WORKING DATA =

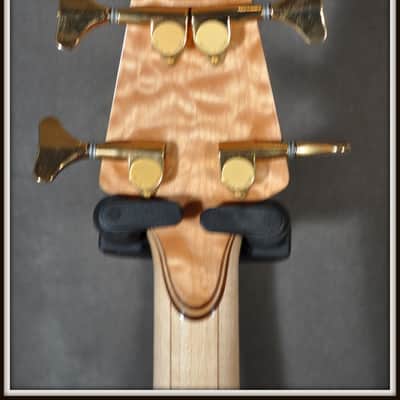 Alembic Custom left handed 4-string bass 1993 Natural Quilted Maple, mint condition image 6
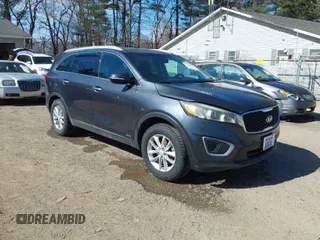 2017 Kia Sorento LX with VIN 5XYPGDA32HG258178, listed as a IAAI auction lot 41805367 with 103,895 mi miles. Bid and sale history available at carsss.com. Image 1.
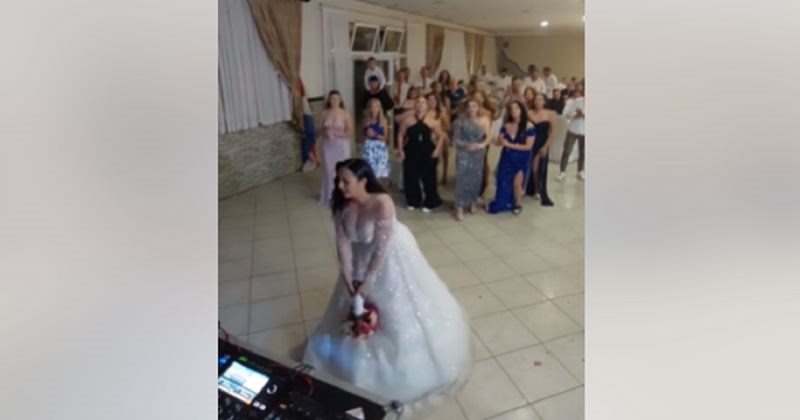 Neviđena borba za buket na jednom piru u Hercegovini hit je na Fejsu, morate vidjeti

==

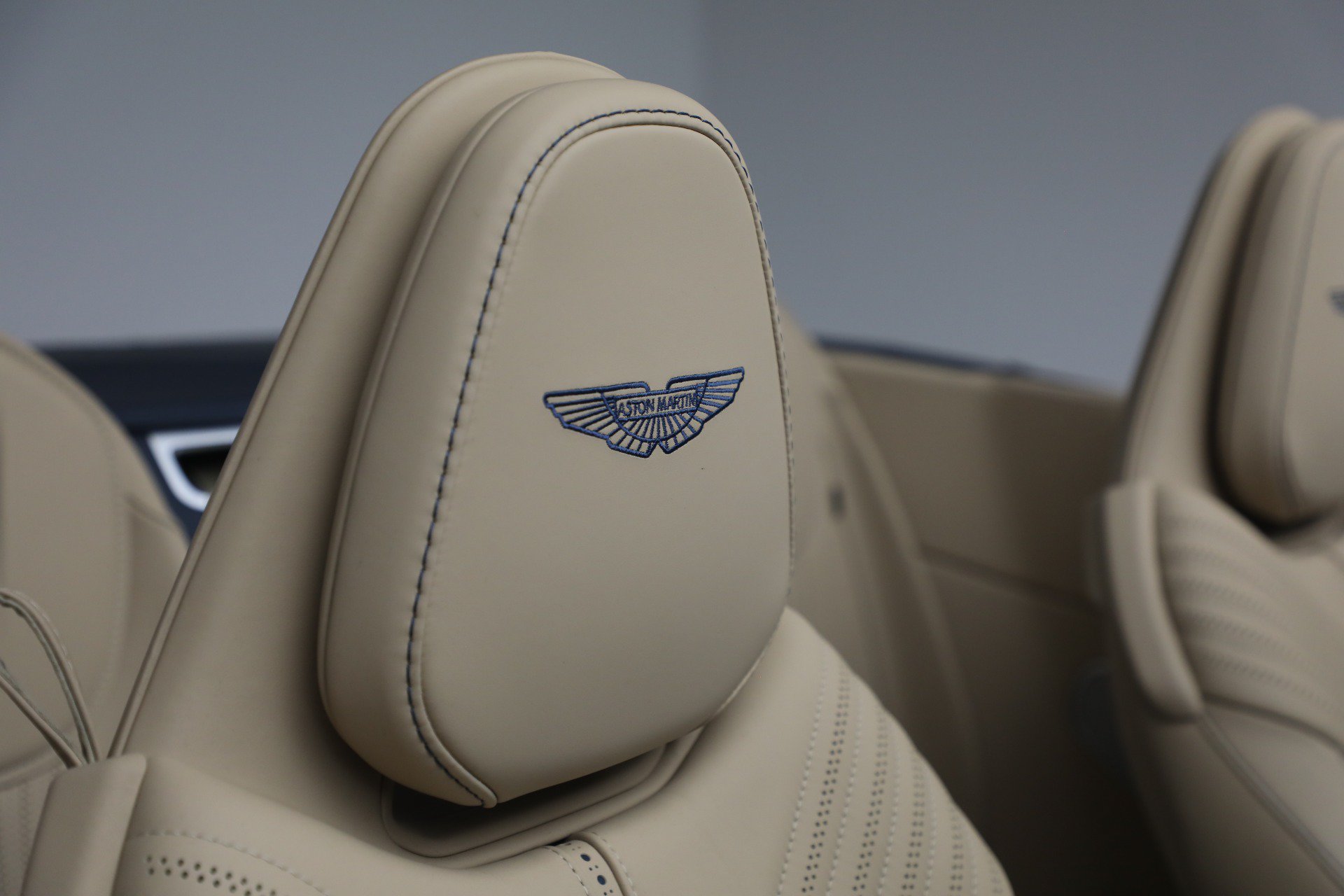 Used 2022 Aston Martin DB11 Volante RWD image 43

PROBLEM TO WORK ON =
Within the entries above, give again exactly the lines starting at the one that contains "Alembic Custom left" and ending at the one that contains "Neviđena borba za", leaving out the pictures.

PROBLEM SOLUTION =
 Alembic Custom left handed 4-string bass 1993 Natural Quilted Maple, mint condition image 6
 2017 Kia Sorento LX with VIN 5XYPGDA32HG258178, listed as a IAAI auction lot 41805367 with 103,895 mi miles. Bid and sale history available at carsss.com. Image 1.
 Neviđena borba za buket na jednom piru u Hercegovini hit je na Fejsu, morate vidjeti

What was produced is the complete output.